■ YOUR INSTRUCTIONS ■
Please output all of the entries exactly and omit any images they hold.
*** EXCERPTED RECORDS
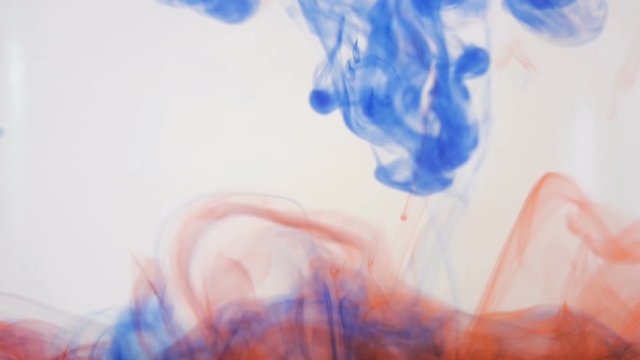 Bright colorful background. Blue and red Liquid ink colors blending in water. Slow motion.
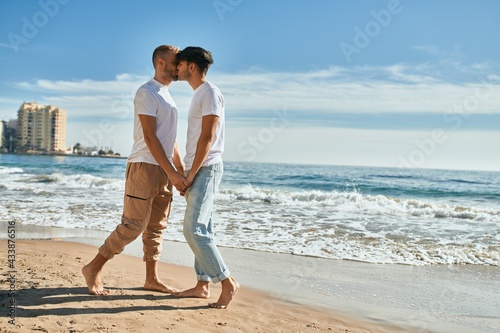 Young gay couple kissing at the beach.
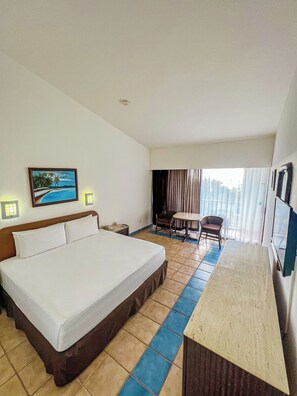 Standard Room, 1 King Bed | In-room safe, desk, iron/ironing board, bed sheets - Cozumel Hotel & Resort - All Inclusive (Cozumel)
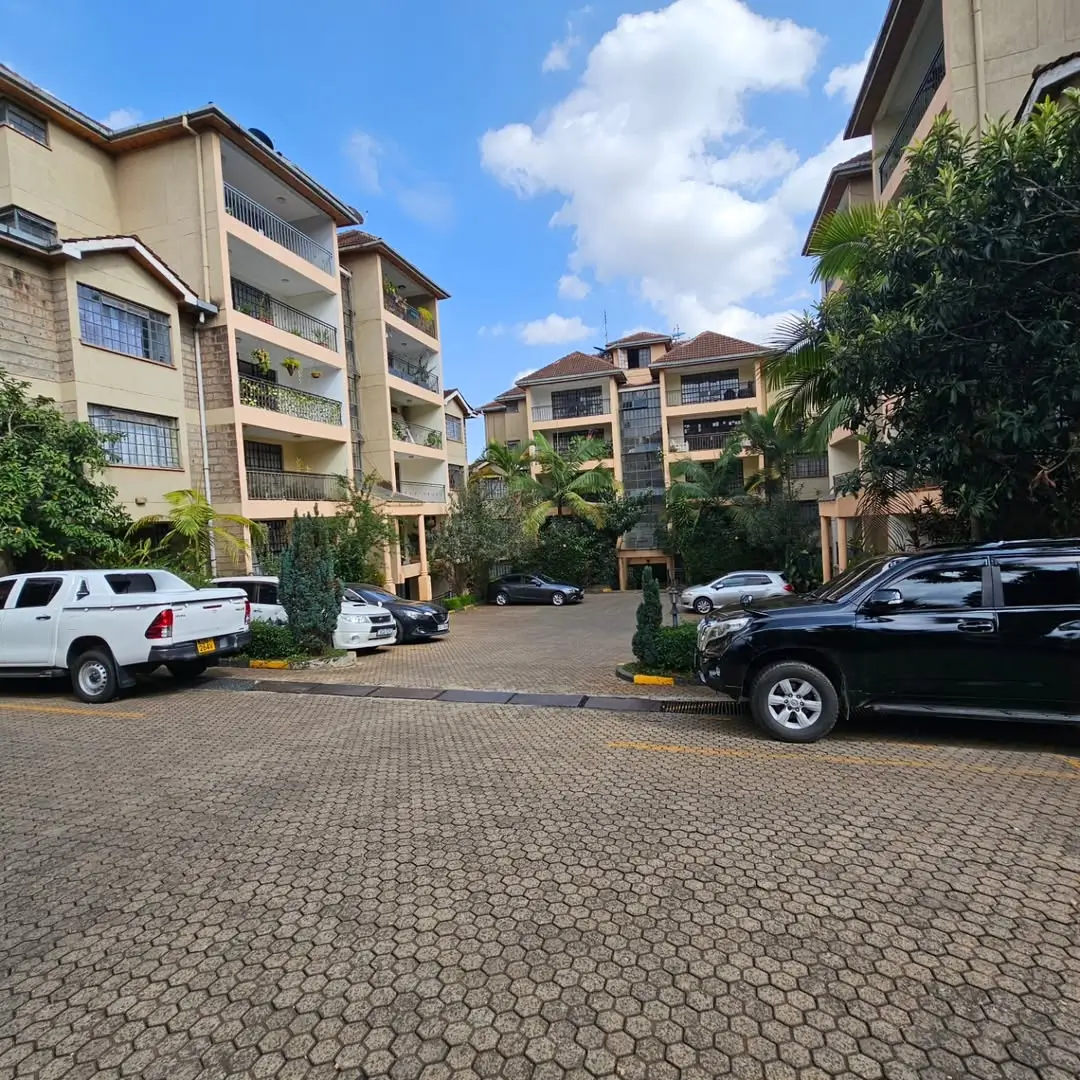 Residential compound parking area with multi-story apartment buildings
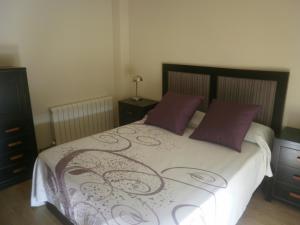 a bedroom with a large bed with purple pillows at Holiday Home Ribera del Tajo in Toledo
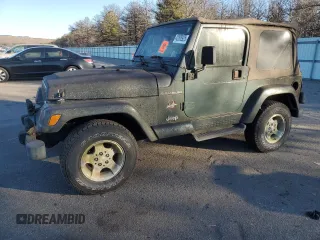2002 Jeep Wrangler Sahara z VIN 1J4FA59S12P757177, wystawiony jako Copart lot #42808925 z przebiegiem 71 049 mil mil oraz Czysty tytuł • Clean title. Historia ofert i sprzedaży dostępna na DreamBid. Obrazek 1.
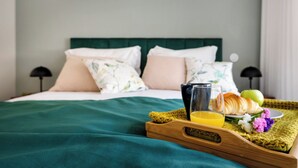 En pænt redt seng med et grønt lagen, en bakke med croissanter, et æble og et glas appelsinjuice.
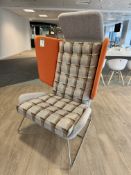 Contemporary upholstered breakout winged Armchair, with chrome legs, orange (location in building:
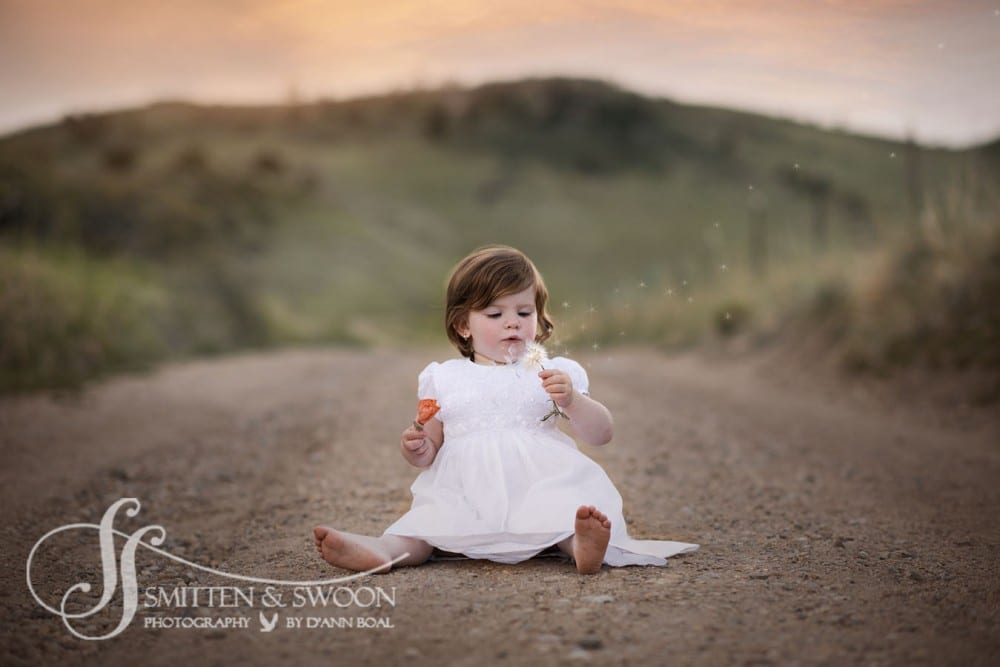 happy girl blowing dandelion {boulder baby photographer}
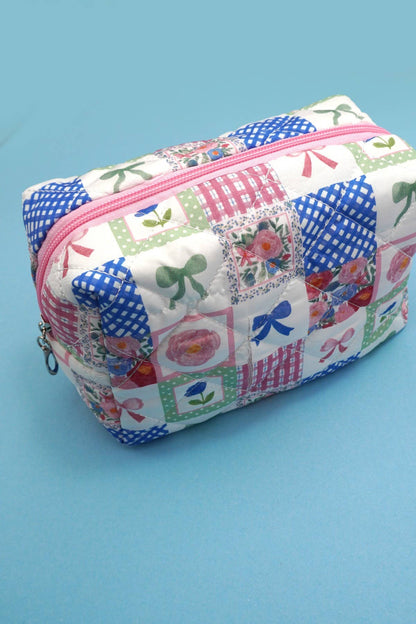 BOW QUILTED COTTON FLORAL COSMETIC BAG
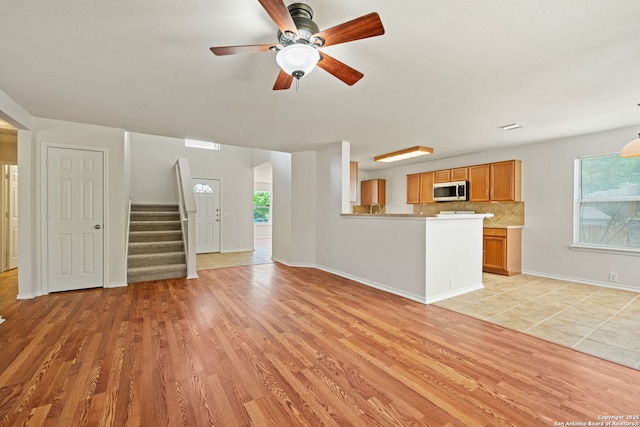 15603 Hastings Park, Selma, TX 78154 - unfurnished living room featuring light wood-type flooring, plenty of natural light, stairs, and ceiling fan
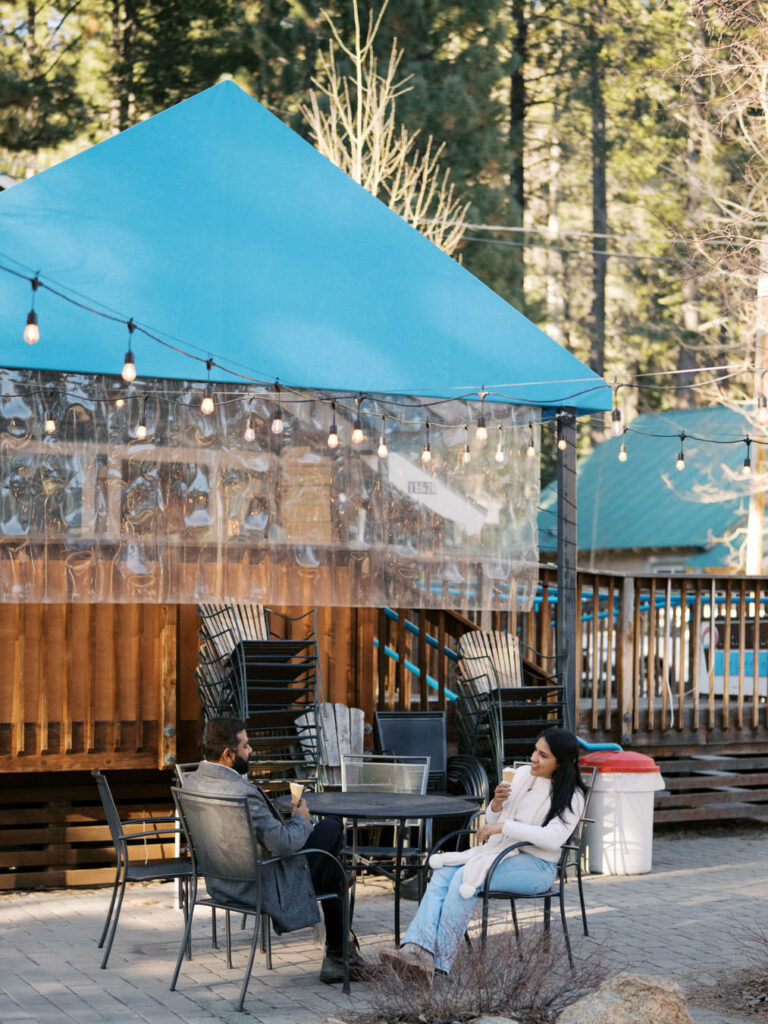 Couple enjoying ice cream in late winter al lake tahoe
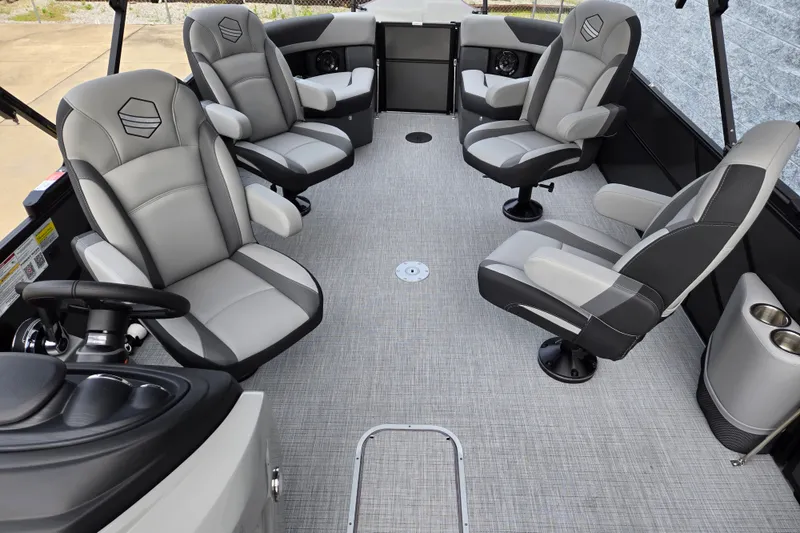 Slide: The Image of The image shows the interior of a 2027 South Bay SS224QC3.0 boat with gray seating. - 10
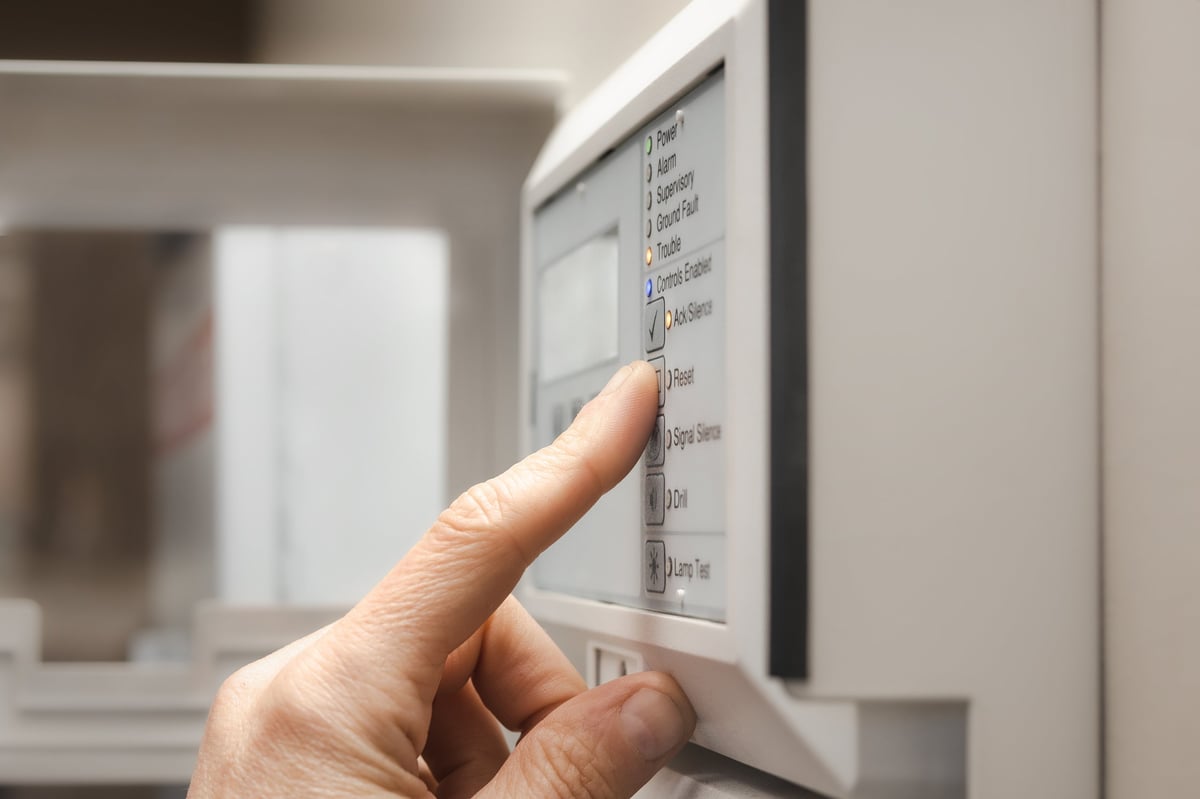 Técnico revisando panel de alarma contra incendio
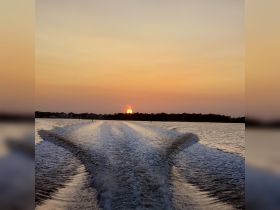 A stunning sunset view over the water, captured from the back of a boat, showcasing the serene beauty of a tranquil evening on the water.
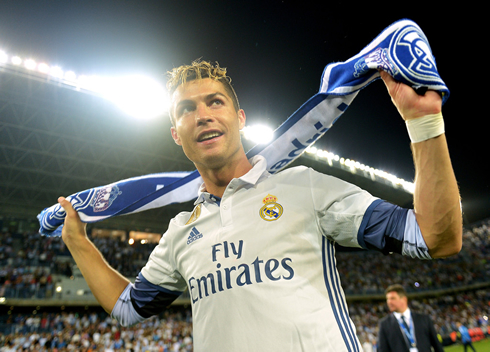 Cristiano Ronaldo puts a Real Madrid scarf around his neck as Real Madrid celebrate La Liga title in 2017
******
■ SOLUTION FOR THIS EXERCISE ■
 Bright colorful background. Blue and red Liquid ink colors blending in water. Slow motion.
 Young gay couple kissing at the beach.
 Standard Room, 1 King Bed | In-room safe, desk, iron/ironing board, bed sheets - Cozumel Hotel & Resort - All Inclusive (Cozumel)
 Residential compound parking area with multi-story apartment buildings
 a bedroom with a large bed with purple pillows at Holiday Home Ribera del Tajo in Toledo
2002 Jeep Wrangler Sahara z VIN 1J4FA59S12P757177, wystawiony jako Copart lot #42808925 z przebiegiem 71 049 mil mil oraz Czysty tytuł • Clean title. Historia ofert i sprzedaży dostępna na DreamBid. Obrazek 1.
 En pænt redt seng med et grønt lagen, en bakke med croissanter, et æble og et glas appelsinjuice.
 Contemporary upholstered breakout winged Armchair, with chrome legs, orange (location in building:
 happy girl blowing dandelion {boulder baby photographer}
 BOW QUILTED COTTON FLORAL COSMETIC BAG
 15603 Hastings Park, Selma, TX 78154 - unfurnished living room featuring light wood-type flooring, plenty of natural light, stairs, and ceiling fan
 Couple enjoying ice cream in late winter al lake tahoe
 Slide: The Image of The image shows the interior of a 2027 South Bay SS224QC3.0 boat with gray seating. - 10
 Técnico revisando panel de alarma contra incendio
 A stunning sunset view over the water, captured from the back of a boat, showcasing the serene beauty of a tranquil evening on the water.
 Cristiano Ronaldo puts a Real Madrid scarf around his neck as Real Madrid celebrate La Liga title in 2017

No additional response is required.